In the pre-activation state, the radial operation pin 218 angle is constrained to an orientation in which the teeth 238 of the release collar 208 are fully engaged with the introducer needle hub 224. During button 200 movement between the pre-activation state and the post-activation state, the radial operation pin 218 of the release collar 208 rotates the release collar 208 when moved through helical pathway 400 of the stationary top housing 100 and mechanism housing 300.


In the post-activation state, the radial operation pin 218 has been rotated up to about 20 degrees, which decouples the introducer needle hub 224 from the teeth 238 of the release collar 208, freeing the introducer needle hub 224 from the release collar 208, to be retracted by the compressed springs 230. The release collar 208 and other elements of the catheter/septum subassembly 10 are left in the down and inserted position.



FIG. 9 shows the insertion device during insertion of the introducer needle 222 and catheter 202, and in an intermediate state just before the introducer needle hub 224 is released by the radial operation pin 218 of the release collar 208 for retraction.
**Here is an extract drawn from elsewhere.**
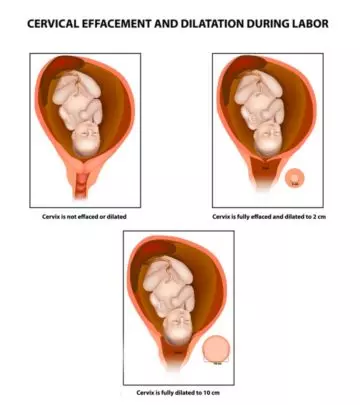 Cervix Dilation Chart: Signs, Stages And Procedure To Check
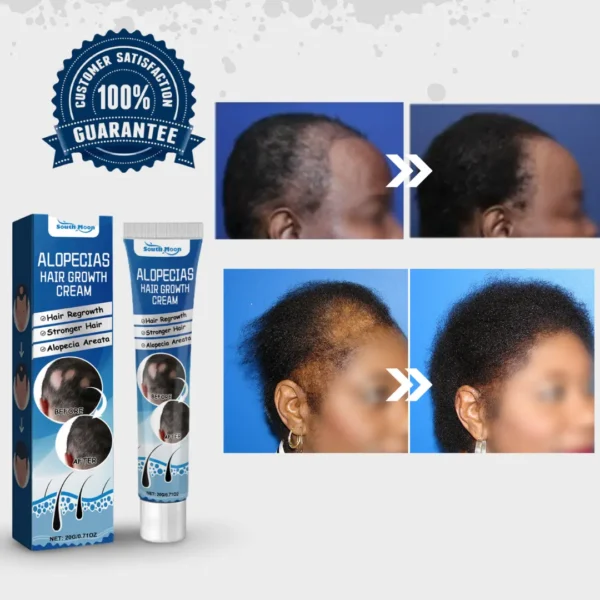 Alopecia Hair Growth Cream 100% proven working - Image 13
In the intermediate state, the button 200 is in an intermediate position between the raised position (FIGS. 7 and 8) and the depressed position (FIGS. 10 and 11). In the intermediate state with the button 200 in the intermediate position, the introducer needle 222 and the catheter 202 are extended from the housing 100 to be inserted into a user's skin, but prior to retraction of the needle hub 224 relative to the button 200. In this position, the catheter 202 surrounds the needle 222 to be extended with the needle 222 in the intermediate state. When moving from the raised position to the intermediate position, the needle 222 moves with the button 200 to extend out of the housing 100, and when moving from the intermediate position to the depressed position, the needle 222 retracts toward the underside 203 of the body 201 of the button 200.


In the intermediate state, the radial operation pin 218 and the release collar 208 are almost fully rotated by engagement with the helical pathway 400. At the end of rotation by the helical pathway 400, the teeth 238 on the release collar 208 are about to move free of the detents 240 (see, e.g., FIGS. 4 and 5) of the introducer needle hub 224 and release the introducer needle hub 224 so it can be pushed up and retracted by the springs 230. That is, as the radial operation pin 218 and the release collar 208 are rotated by engagement with the helical pathway 400, the teeth 238 on the release collar 208 simultaneous rotate until free of the detents 240 of the introducer needle hub 224.


At this point, the release collar 208 being held down by the button 200 is no longer secured to the introducer needle hub 224, and the springs 230 force the introducer needle hub 224 and introducer needle 222 upward and into the retracted position, leaving the catheter/septum subassembly 10 in the down and inserted position. The button 200 is locked in the down position, thereby holding the catheter/septum subassembly 10 in the down and inserted position. The lock arm 112 that protrudes from the top housing 100 that retains the button subassembly 30 in place during assembly can also be configured to snap into a detent 244 in the button 200 in the post-activation state locking the button subassembly 30 in place keeping the catheter in the skin.


Referring still to FIG. 9, the retraction springs 230 are fully compressed and the radial operation pin 218 and release collar 208 have been rotated to an extent required for decoupling the teeth 238 of the release collar 208 from the introducer needle hub 224 to release the introducer needle hub 224 for retraction.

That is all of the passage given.